Pourquoi les cosmétiques fermentés sont-ils plus efficaces ?
La fermentation agit comme un amplificateur d’actifs. En fragmentant les molécules complexes des plantes en particules plus fines, elle facilite leur pénétration dans l’épiderme et améliore leur biodisponibilité.
Certains ferments ciblent même des problématiques spécifiques :
- Saccharomyces : anti-âge et éclat,
- Lactobacillus : apaisement des peaux sensibles,
- Galactomyces (sous forme de filtrat) : amélioration du grain de peau et des pores dilatés.
De l’actif au procédé : l’importance de la maîtrise de la fermentation
Des paramètres tels que la température, le pH, l’oxygène dissous, l’agitation, l’alimentation du milieu ou encore la durée de fermentation peuvent influencer la croissance des micro-organismes et les composés produits.
La reproductibilité du procédé devient alors un enjeu central pour passer de l’expérimentation au développement d’actifs destinés à la cosmétique industrielle.
C’est dans cette logique qu’ARDPI Biotech, fournisseur de solutions innovantes, met son savoir-faire en bioprocédés au service des applications biotechnologiques.
Notre solution NASKA, interface d’acquisition multiparamétrique dédiée au suivi des procédés de fermentation, associée au bain thermorégulé DUO, permet d’accompagner le suivi et la maîtrise des conditions de culture.
Au-delà du suivi des fermentations, notre expertise nous permet également d’accompagner les projets de rétrofit et de conception de bioréacteurs, en adaptant les équipements aux besoins spécifiques des procédés : instrumentation, acquisition des données, régulation et contrôle des paramètres de culture.
Pour obtenir un actif fermenté présentant des caractéristiques constantes, il est essentiel de maîtriser les conditions de culture.
Une tendance forte de la beauté moderne
Ce marché autrefois de niche est désormais une tendance générale observée dans l’industrie cosmétique. Les ingrédients fermentés connaissent une croissance spectaculaire dans les formulations skincare.
Les marques misent sur ces ingrédients pour répondre à une demande croissante de soins, plus naturels, efficaces, respectueux du microbiome et plus durables.

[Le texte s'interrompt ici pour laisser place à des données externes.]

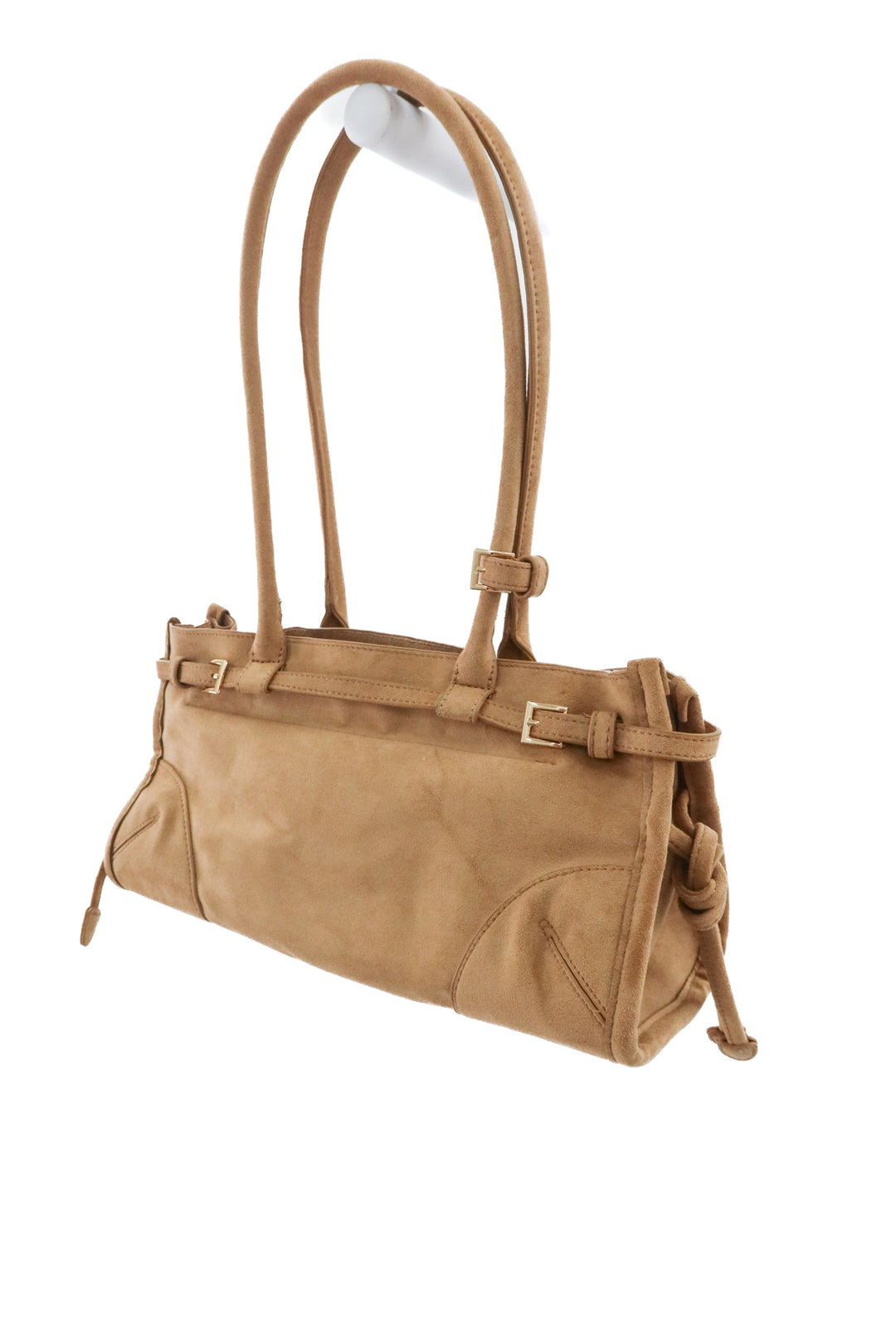 tan faux suede shoulder bag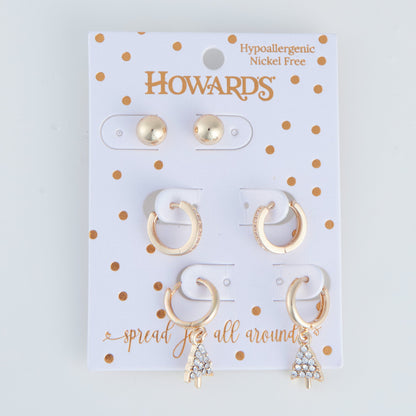 Holiday Gold Christmas Tree Earring Trio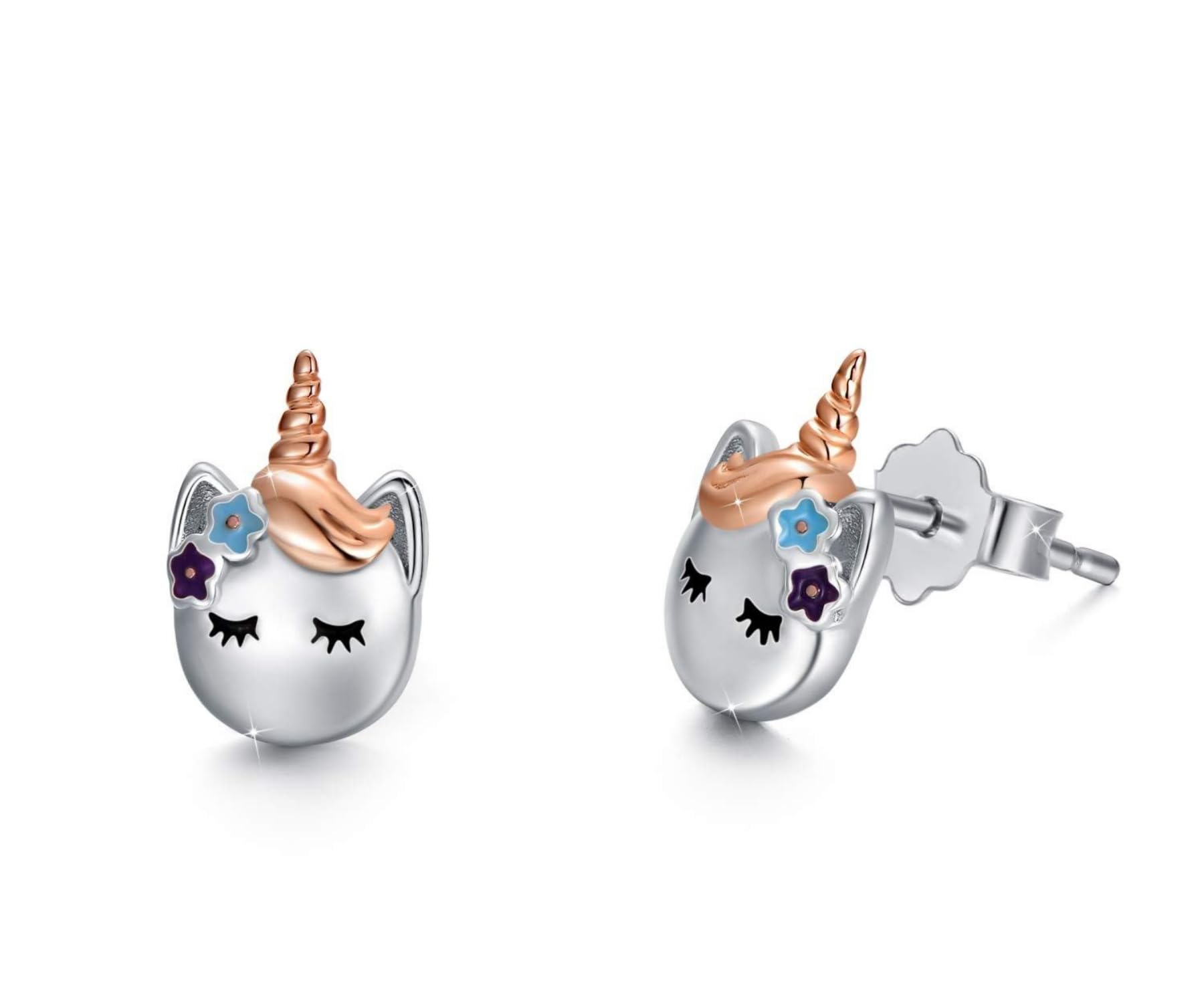 Fidofox Pendientes animales mujer niña unicornio abeja oso. Joya artesanal plata ley 925 y oro rosa. CAJA JOYERIA PREMIUM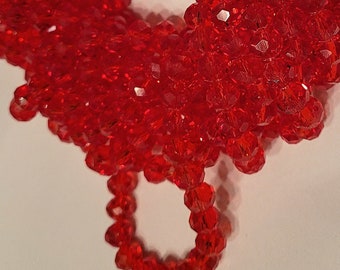 Glass Beads - Red 2 Faceted Beads -  8mm x 6mm  -  Red Glass Beads - 42 pcs.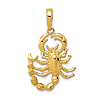 14k Yellow Gold Scorpion Pendant with Open Back 3/4in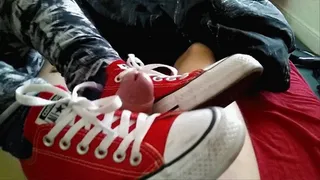 Shoejob by red Converse sneakers till cum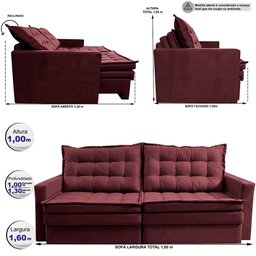 Sofá sem Caixa Retrátil Baú 1,60m Cama Inbox Secret Suede Velusoft Vinho - 3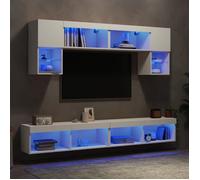 vidaXL Unités Murales TV avec LED 6 pcs, Armoires de Télévision Suspendues, Meubles Télé de Salon, Moderne, Blanc Bois 3216704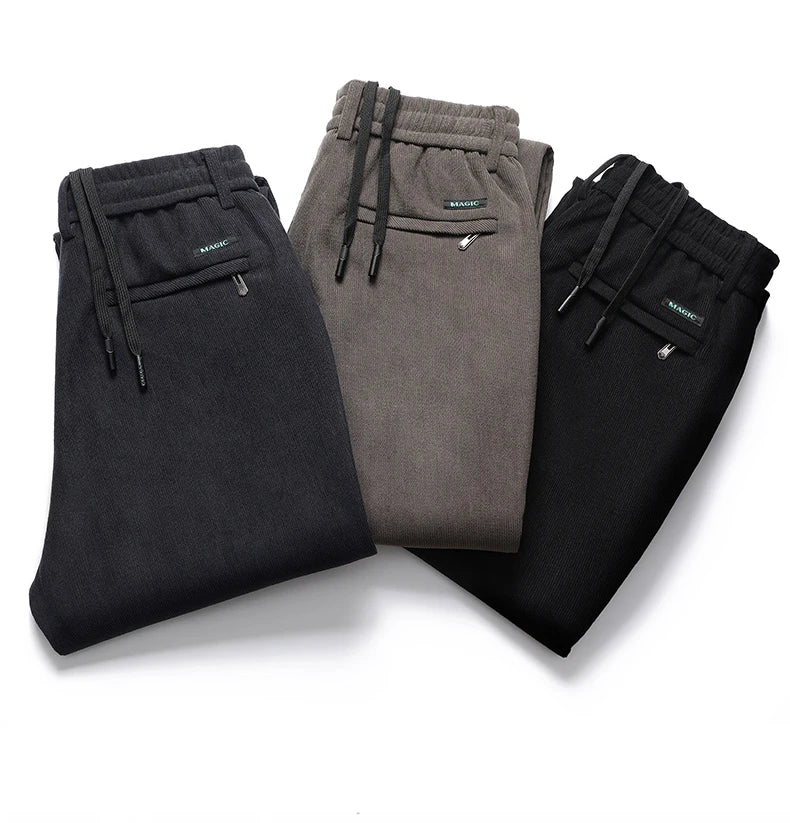 Men's Casual Pants Elastic Waist Sweatpants Autumn Winter Clothes Drawstring Trousers Male Corduroy Warm Large Size Pants.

La biofermentation : un engagement écoresponsable
Au-delà de ses bénéfices cutanés, la biofermentation s’inscrit dans une démarche de beauté plus durable.
Ce procédé nécessite généralement :
moins de ressources,
moins de conservateurs chimiques,
et génère moins de déchets que certaines méthodes conventionnelles.
L’utilisation d’ingrédients fermentés localement sourcés contribue également à réduire l’empreinte carbone de production.
La fermentation devient ainsi un pilier d’une cosmétique plus éthique, circulaire et respectueuse de l’environnement.